The sequence unfolded rapidly: on December 30th, an initial missile strike on the lead vessel killed three crew members. The Pentagon categorized them as ‘narco-terrorists.’ As occupants of the two other trailing vessels abandoned their ships and jumped overboard, the follow-up engagements sank their crafts, which prompted an immediate search and rescue effort by the US Coast Guard. A C-130 aircraft was dispatched to do the reconnaissance. Authorities found eight individuals in distress and broadcast distress signals to nearby mariners for assistance. The next day, December 31, a separate action hit two more boats, resulting in five additional fatalities. However, authorities recovered no drugs from the wreckage.
The two-day blitz brings the toll from these specific strikes to eight confirmed deaths, with a potential for more survivors, who remain unaccounted for as of January 2, 2026. Video footage that the Southern Command released shows debris-strewn seas and a small vessel instantly erupting into flames, underscoring the precision yet finality of the munitions deployed, likely AGM-114 Hellfire missiles fired from drones or naval assets.
Operation Southern Spear—From Interdiction to Annihilation

The September 2020 launch of Operation Spear was the Trump Administration’s aggressive strategy on border security. Operation Southern Spear marks a radical departure from decades of Coast Guard-led seizures. It began as targeted airstrikes on Venezuelan speedboats in the Caribbean. The strike claimed the lives of 11 people in its inaugural raid on September 1. Then, it expanded into a hemisphere-wide offensive.
By late 2025, there were over 25 maritime strikes and two land-based attacks (including a December 29 drone hit on a Venezuelan loading dock), which resulted in more than 115 fatalities, with 23 incidents in the Pacific alone.
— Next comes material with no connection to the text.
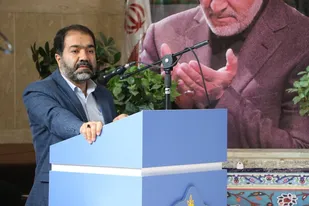 نماز اصل اساسی در پیاده کردن معارف دین در جامعه /نماز پیشران تحقق احکام دین در جامعه است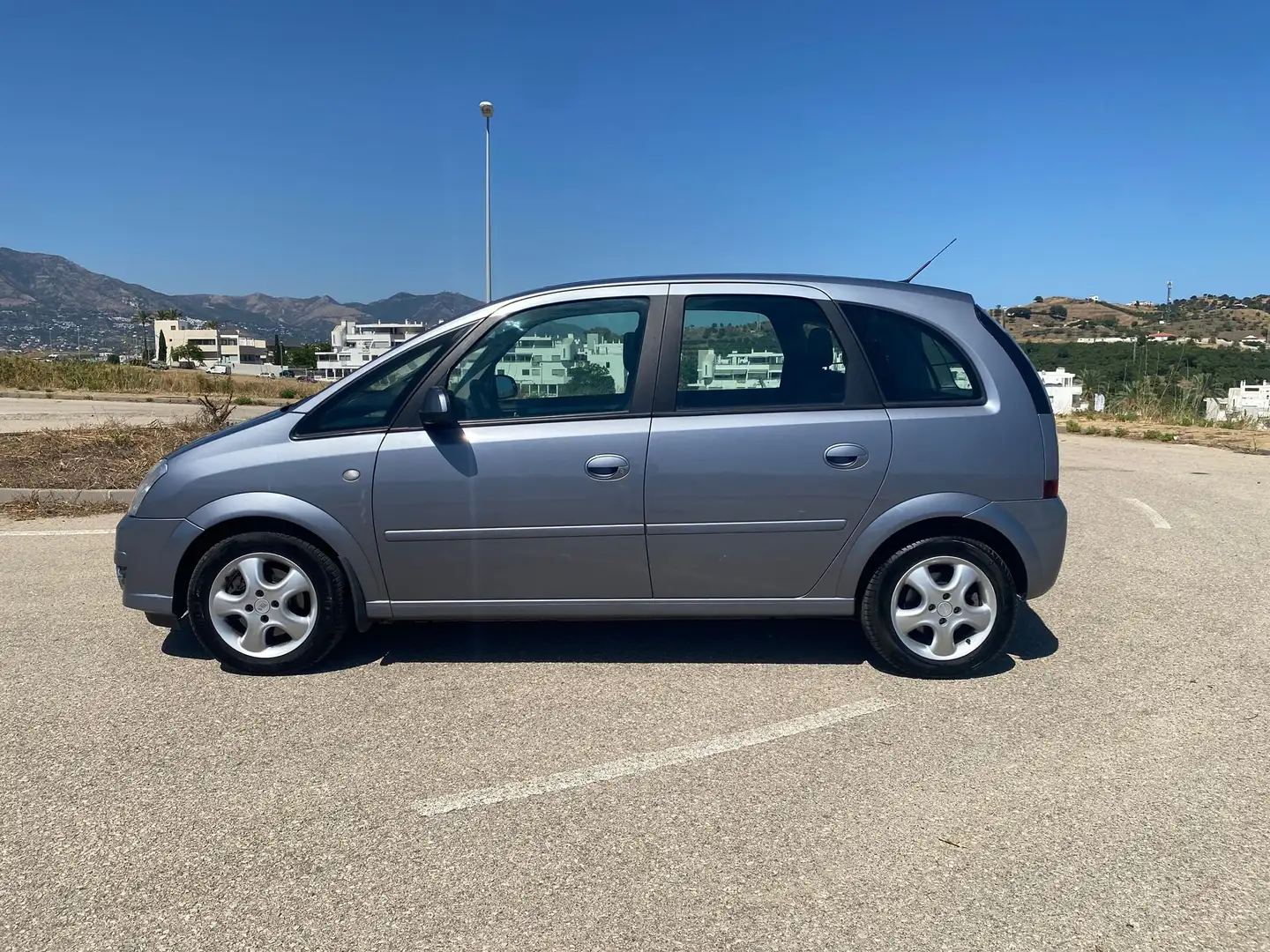 Opel Meriva Meriva 1.6 XEP Enjoy Easytronic Enjoy Plateado - 2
The evolution of the campaign is evident in its tactics: Early actions focused on “go-fast” boats, but recent ones incorporate “double-0 tap” protocols, where secondary strikes target survivors to prevent evasion. An October 16 incident, in which forces killed two men clinging to a semi-submersible after the initial hit, sparked internal backlash and contributed to the resignation of the Southern Command’s admiral.
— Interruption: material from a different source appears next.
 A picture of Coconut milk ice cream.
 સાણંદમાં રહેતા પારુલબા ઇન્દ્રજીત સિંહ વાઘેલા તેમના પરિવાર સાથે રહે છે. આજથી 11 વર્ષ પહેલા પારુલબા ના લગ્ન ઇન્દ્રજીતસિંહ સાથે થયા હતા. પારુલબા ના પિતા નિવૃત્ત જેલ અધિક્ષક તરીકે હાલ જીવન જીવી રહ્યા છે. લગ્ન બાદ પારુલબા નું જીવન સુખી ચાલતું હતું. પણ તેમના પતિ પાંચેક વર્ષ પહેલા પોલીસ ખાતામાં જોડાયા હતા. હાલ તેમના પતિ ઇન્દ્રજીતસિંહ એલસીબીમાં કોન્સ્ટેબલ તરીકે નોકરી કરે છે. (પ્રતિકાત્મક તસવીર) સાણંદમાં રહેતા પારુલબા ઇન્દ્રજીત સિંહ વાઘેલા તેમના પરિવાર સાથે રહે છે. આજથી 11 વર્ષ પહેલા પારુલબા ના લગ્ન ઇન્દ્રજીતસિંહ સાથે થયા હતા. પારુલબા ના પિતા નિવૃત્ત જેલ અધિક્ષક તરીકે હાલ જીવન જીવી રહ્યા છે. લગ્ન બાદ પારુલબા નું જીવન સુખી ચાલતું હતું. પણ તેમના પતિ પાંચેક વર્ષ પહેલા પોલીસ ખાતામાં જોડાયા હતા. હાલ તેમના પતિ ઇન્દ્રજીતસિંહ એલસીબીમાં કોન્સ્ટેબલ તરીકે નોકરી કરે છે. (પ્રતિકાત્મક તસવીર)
Supporters argue that this deters trafficking, with interdictions recovering over 1000 kg of cocaine in joint ops, but critics see a pattern of overreach.
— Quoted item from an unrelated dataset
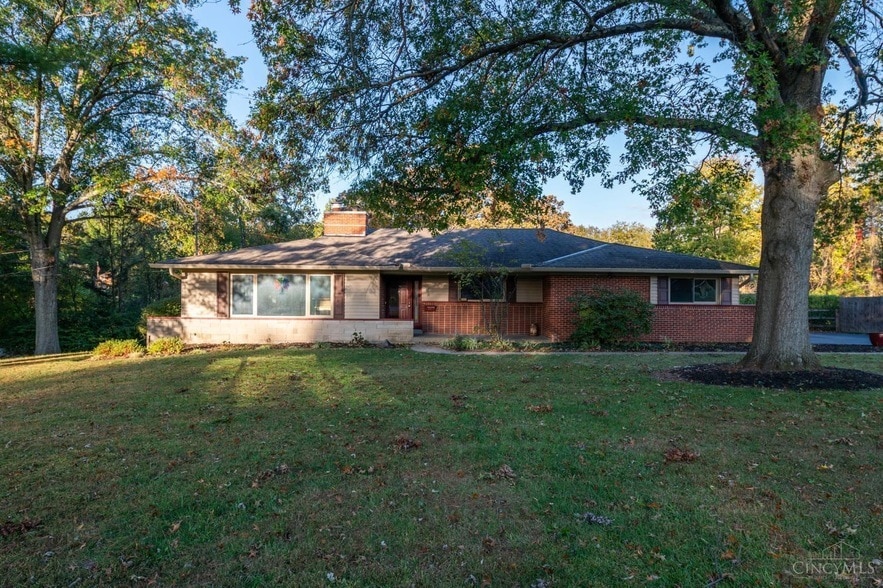 Foto principal - 5900 Donjoy Dr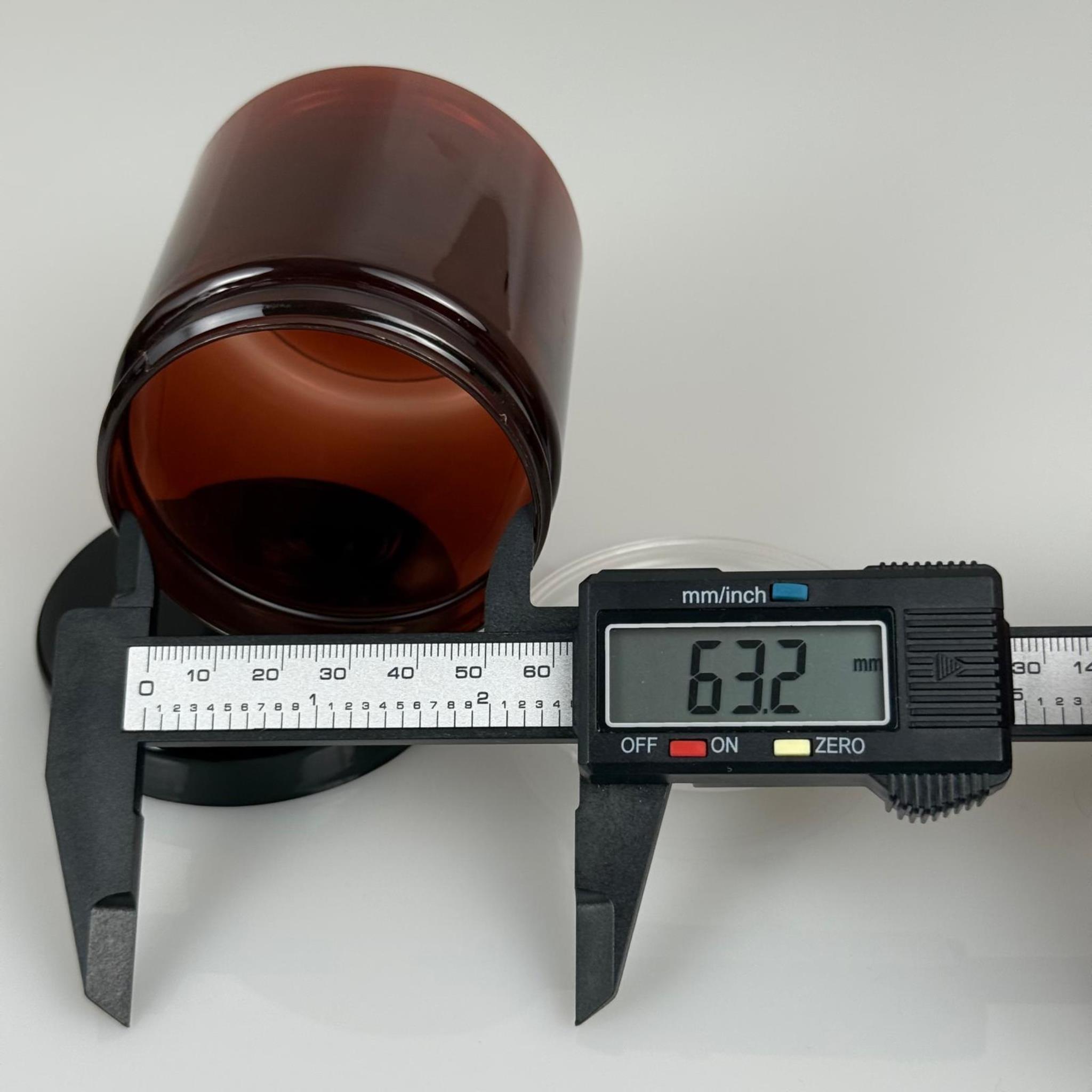 250 ML SERT PET KAVANOZ + SİYAH PLASTİK KAPAK + İÇ TIPA - 250 CC KALIN AMBER PLASTİK KAVANOZ SİYAH PLASTİK KAPAKLI İÇ TIPALI TAKIM - KREM KAVANOZLARI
Human rights concerns of USA

Legal scholars and UN experts decry that the strikes are extrajudicial executions, which violate international maritime law and the right to life under human rights conventions. The Inter-American Commission on Human Rights has filed cases, arguing that no “imminent threat” justifies lethal force in peacetime. Domestically, Democrats like Reps. Ro Khanna and Thomas Massie decry the lack of congressional briefings, while a Reuters/Ipsos poll shows support eroding to 51% amid these revelations.
On the international stage, the backlash is fierce: Colombia’s Gustavo Petro suspended US intelligence ties and accused Washington of murder; Venezuela’s Nicolas Maduro declared “regime-change terrorism”; and allies like the UK and Canada have paused data sharing over legality fears. Even Mexico, a partner in Border Ops, has quietly intercepted the suspect vessels to avert US strikes on its waters. Pope Leo XIV called for migrant compassion, while China and Iran are amplifying the condemnation of US imperialism.
Implications for the USA

As 2026 comes in, Operation Southern Spear tests the boundaries of the USA and American power projection. Proponents, including Sen. Lindsey Graham, are also predicting that it will choke fentanyl flows, which will potentially save thousands of lives. Yet, escalation risks, such as the December Land strike, signal towards a broader Venezuelan targeting; this could ignite proxy conflicts or diplomatic isolation.
In balancing security imperatives against ethical red lines, these strikes highlight the perils of militarizing complex social ills. As searches for Pacific survivors continue, the world watches whether evidence will vindicate the operations or expose a tragic overreach.